Re: pglogical_output - a general purpose logical decoding output plugin

From: Tomasz Rybak <tomasz(dot)rybak(at)post(dot)pl>
To: pgsql-hackers(at)postgresql(dot)org
Subject: Re: pglogical_output - a general purpose logical decoding output plugin
Date: 2016-01-20 22:23:35
Message-ID: 20160120222335.21436.18864.pgcf@coridan.postgresql.org
Views: Raw Message | Whole Thread | Download mbox | Resend email
Thread:
Lists: pgsql-hackers

The following review has been posted through the commitfest application:
make installcheck-world: not tested
Implements feature: not tested
Spec compliant: not tested
Documentation: not tested

I revied more files:

pglogical_proto_native.c

+ pq_sendbyte(out, 'N'); /* column name block follows */
+ attname = NameStr(att->attname);
+ len = strlen(attname) + 1;
+ pq_sendint(out, len, 2);
+ pq_sendbytes(out, attname, len); /* data */
Identifier names are limited to 63 - so why we're sending 2 bytes here?
I do not have hard feelings about this - just curiousity.
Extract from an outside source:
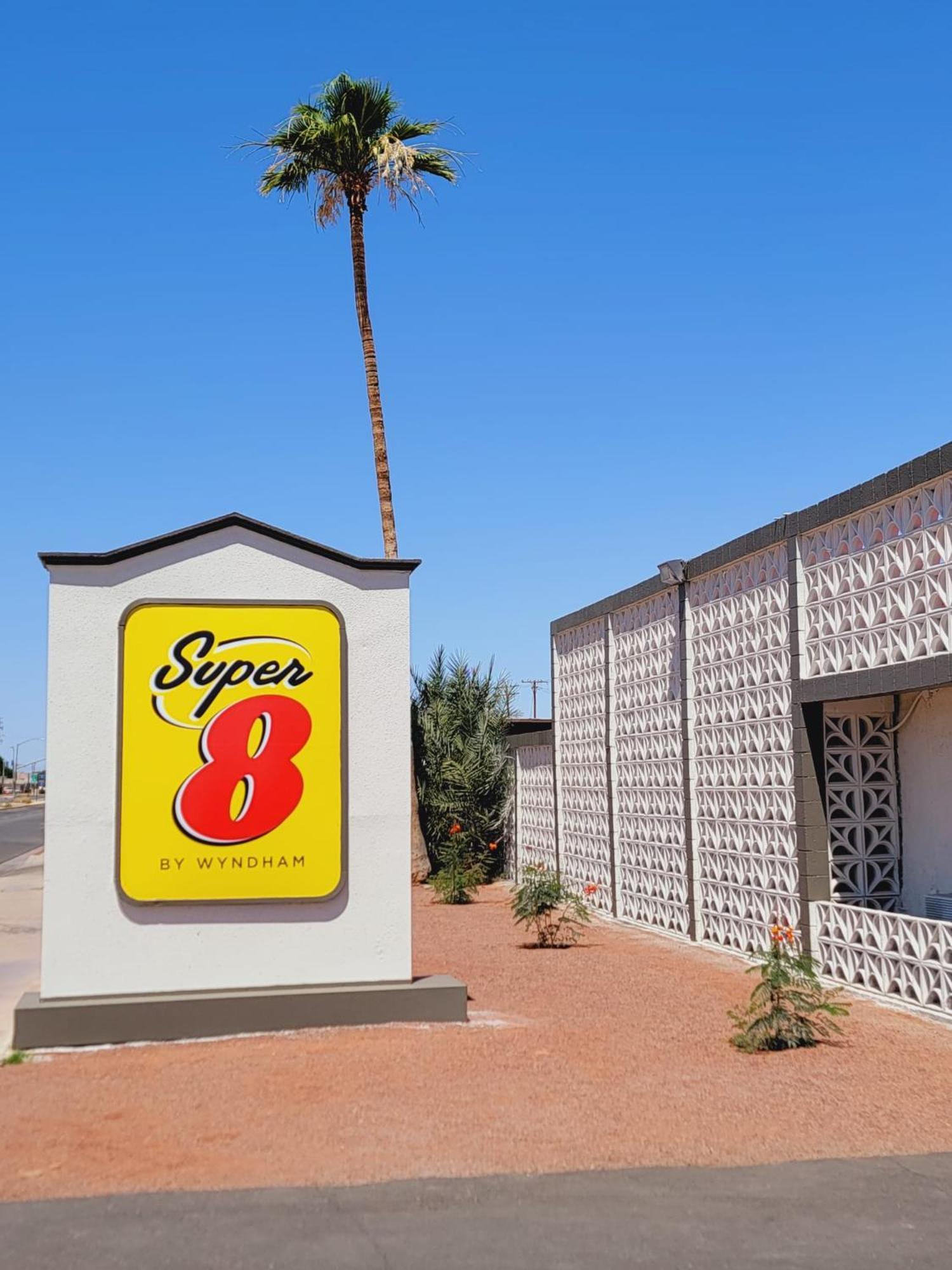 Super 8 By Wyndham El Centro North Hotel Ngoại thất bức ảnh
For:
+ pq_sendbyte(out, nspnamelen); /* schema name length */
+ pq_sendbytes(out, nspname, nspnamelen);

+ pq_sendbyte(out, relnamelen); /* table name length */
+ pq_sendbytes(out, relname, relnamelen);
schema and relation name we send 1 byte, for attribute 2. Strange, bit inconsistent.

+ pq_sendbyte(out, 'B'); /* BEGIN */
+
+ /* send the flags field its self */
+ pq_sendbyte(out, flags);
Comment: "flags field its self"? Shouldn't be "... itself"?
Similarly in write_origin; write_insert just says:
+ /* send the flags field */
+ pq_sendbyte(out, flags);

Speaking about flags - in most cases they are 0; only for attributes
we might have:
+ flags |= IS_REPLICA_IDENTITY;
I assume that flags field is put into protocol for future needs?
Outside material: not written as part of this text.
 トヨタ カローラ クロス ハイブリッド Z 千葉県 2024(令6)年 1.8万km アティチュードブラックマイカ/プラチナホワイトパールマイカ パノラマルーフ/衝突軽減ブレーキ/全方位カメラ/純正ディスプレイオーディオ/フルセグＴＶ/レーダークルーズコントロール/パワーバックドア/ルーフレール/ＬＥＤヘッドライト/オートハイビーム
+ /* FIXME support whole tuple (O tuple type) */
+ if (oldtuple != NULL)
+ {
+ pq_sendbyte(out, 'K'); /* old key follows */
+ pglogical_write_tuple(out, data, rel, oldtuple);
+ }
I don't fully understand. We are sending whole old tuple here,
so this FIXME should be more about supporting sending just keys.
But then comment "old key follows" is not true. Or am I missing
something here?
Similarly for write_delete.

+ pq_sendbyte(out, 'S'); /* message type field */
+ pq_sendbyte(out, 1); /* startup message version */
For now protocol is 1, but for code readability it might be better
to change this line to:
+ pq_sendbyte(out, PGLOGICAL_PROTO_VERSION_NUM); /* startup message version */

Just for the sake of avoiding code repetition:
+ for (i = 0; i < desc->natts; i++)
+ {
+ if (desc->attrs[i]->attisdropped)
+ continue;
+ nliveatts++;
+ }
+ pq_sendint(out, nliveatts, 2);
The exact same code is in write_tuple and write_attrs. I don't know what's
policy for refactoring, but this might be extracted into separate function.

+ else if (att->attlen == -1)
+ {
+ char *data = DatumGetPointer(values[i]);
+
+ /* send indirect datums inline */
+ if (VARATT_IS_EXTERNAL_INDIRECT(values[i]))
+ {
+ struct varatt_indirect redirect;
+ VARATT_EXTERNAL_GET_POINTER(redirect, data);
+ data = (char *) redirect.pointer;
+ }
I really don't like this. We have function parameter "data" and now
are creating new variable with the same name. It might lead to confusion
and some long debugging sessions. Please change the name of this variable.
Maybe attr_data would be OK? Or outputbytes, like below, for case 'b' and default?

pglogical_proto_json.c

+ appendStringInfo(out, ", \"origin_lsn\":\"%X/%X\"",
+ (uint32)(txn->origin_lsn >> 32), (uint32)(txn->origin_lsn));
I remember there was discussion on *-hackers recently about %X/%X; I'll
try to find it and check whether it's according to final conclusion.

pglogical_relmetacache.c

First. In pglogical_output.c, in pg_decode_startup we are calling
init_relmetacache. I haven't found call to destroy_relmetacache
and comment says that it must be called at backend shutdown.
Is it guaranteed? Or will cache get freed with its context?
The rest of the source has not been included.